> ASSIGNMENT
What you produce should be the lines from the line containing "تراکتور در پی" through the last line below, both ends included, reproduced exactly and without pictures.

[[ RECORDS TO PROCESS, beginning ]]

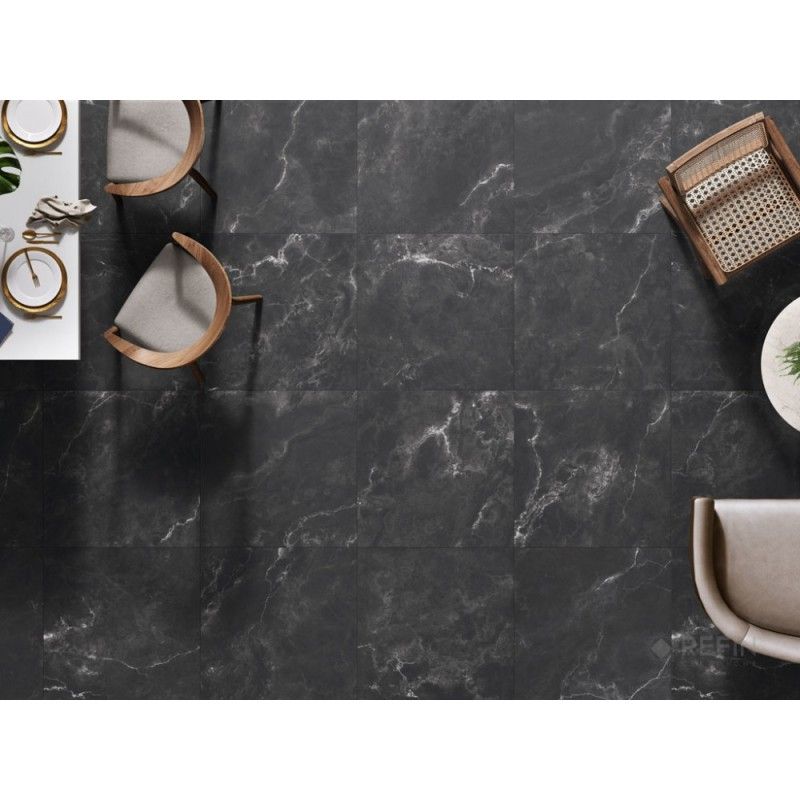 STARDUST DEEP SOFT RETTIFICATO  60x60 - Ceramiche REFIN NC07 REFIN - 1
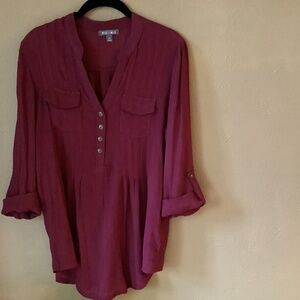 Dress Barn top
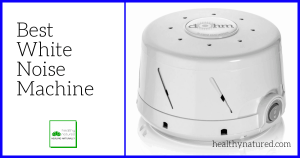 White Noise Machine - Marpac White Noise Generator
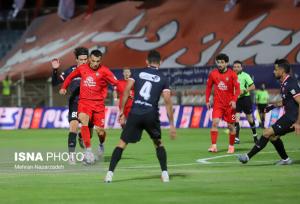 تراکتور در پی تعویق دیدار با پرسپولیس/ دومین تغییر با اصرار رقم می‌خورد؟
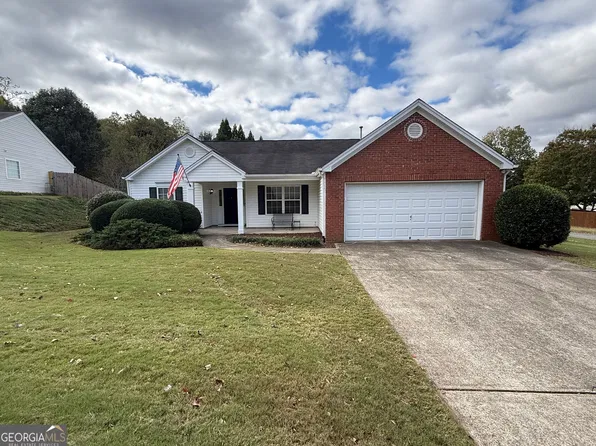 1011 River Plantation Dr, Woodstock, GA 30188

[[ RECORDS TO PROCESS, end ]]

> REPLY
 تراکتور در پی تعویق دیدار با پرسپولیس/ دومین تغییر با اصرار رقم می‌خورد؟
 1011 River Plantation Dr, Woodstock, GA 30188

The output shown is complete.